## ABOUT THIS TASK:
Once the images are set aside, print the remaining lines below exactly.
=== INFORMATION SUPPLIED ===
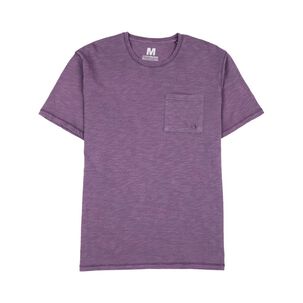 Polera Hombre Ocean Pacific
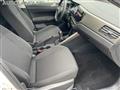 VOLKSWAGEN POLO 1.0 TSI 5p. Sport BlueMotion Technology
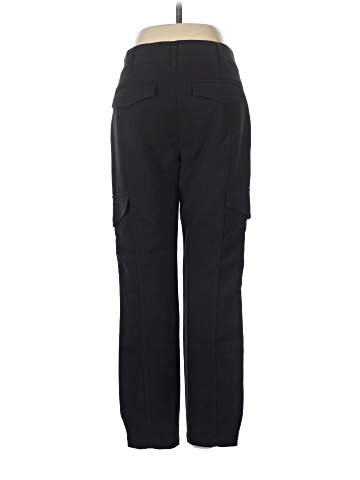 Sanctuary Cargo Pants (view 2)
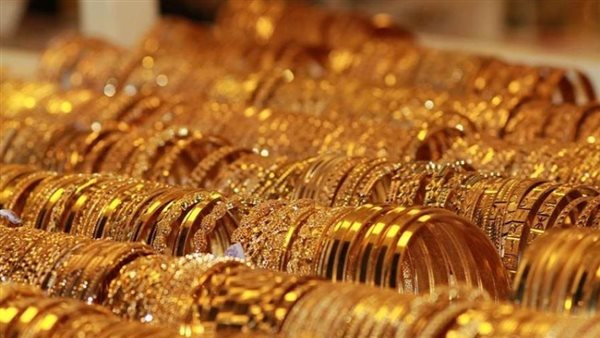 شعبة الذهب: سوق الذهب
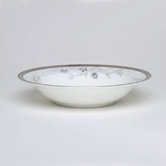 Delacorte 5.5" Fruit Bowl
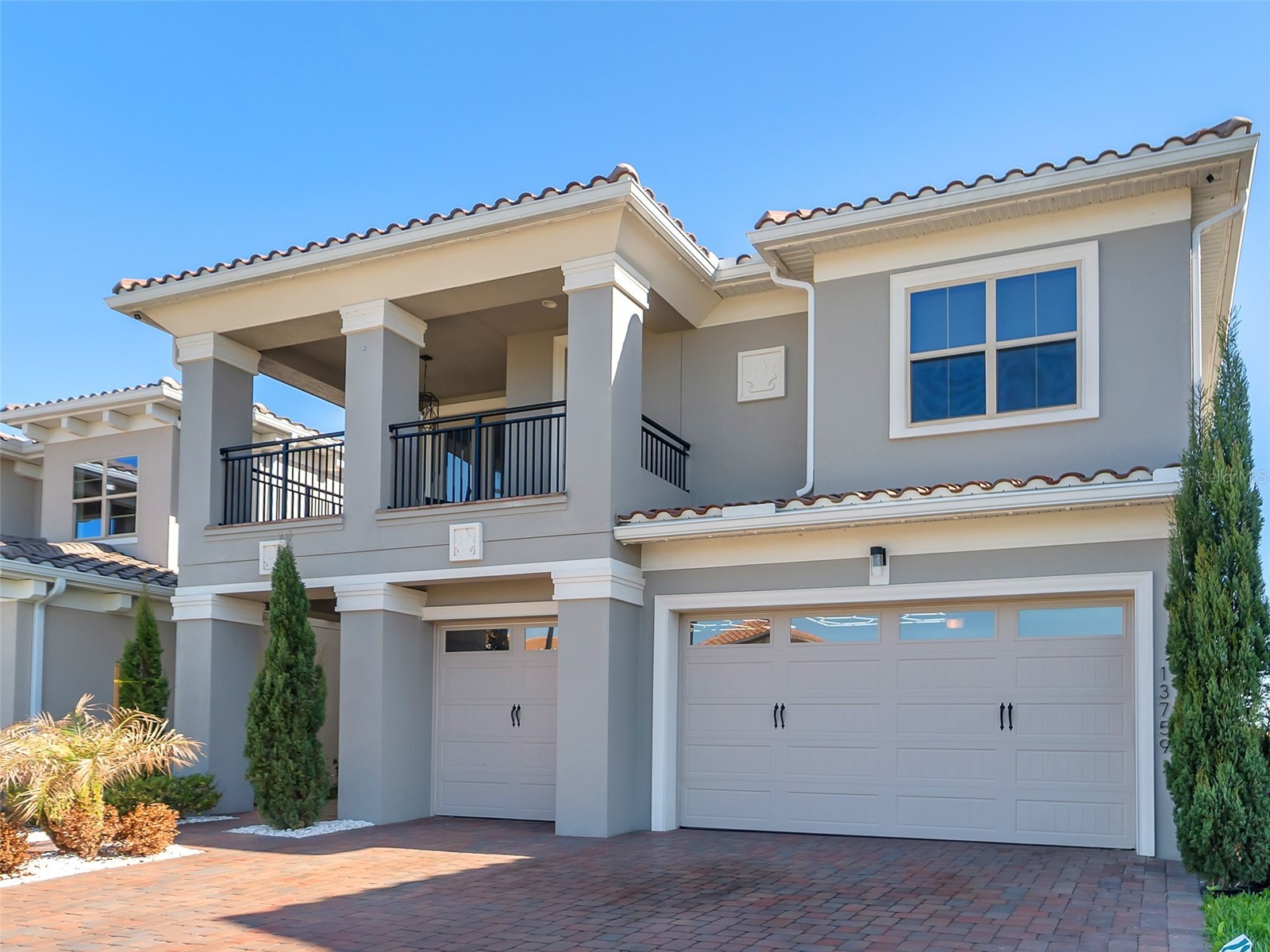 13759 Larkton Lane Orlando FL 32832 S5148289 image29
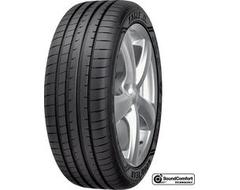 Good Year Eagle F1 Asymmetric 3 SCT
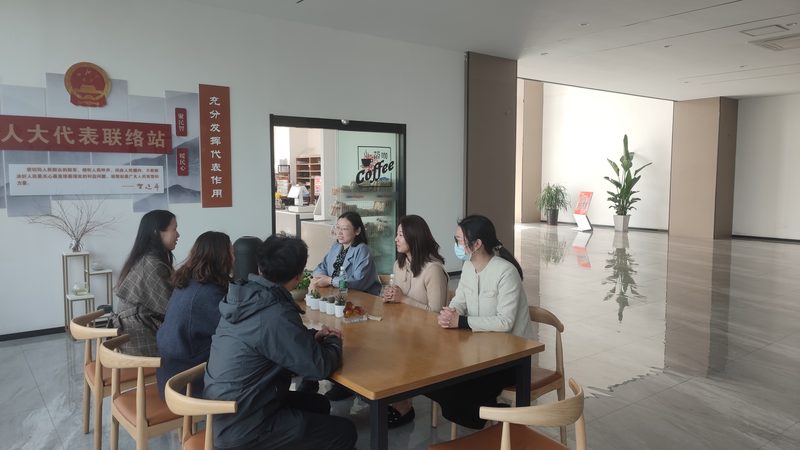 文化传媒公司经营范围变更教育：合规与策略**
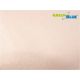 6. GreenBlue GB505 garden curtain (cream color)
===
## ANSWER SECTION:
 Polera Hombre Ocean Pacific
 VOLKSWAGEN POLO 1.0 TSI 5p. Sport BlueMotion Technology
 Sanctuary Cargo Pants (view 2)
 شعبة الذهب: سوق الذهب
 Delacorte 5.5" Fruit Bowl
 13759 Larkton Lane Orlando FL 32832 S5148289 image29
 Good Year Eagle F1 Asymmetric 3 SCT
 文化传媒公司经营范围变更教育：合规与策略**
 6. GreenBlue GB505 garden curtain (cream color)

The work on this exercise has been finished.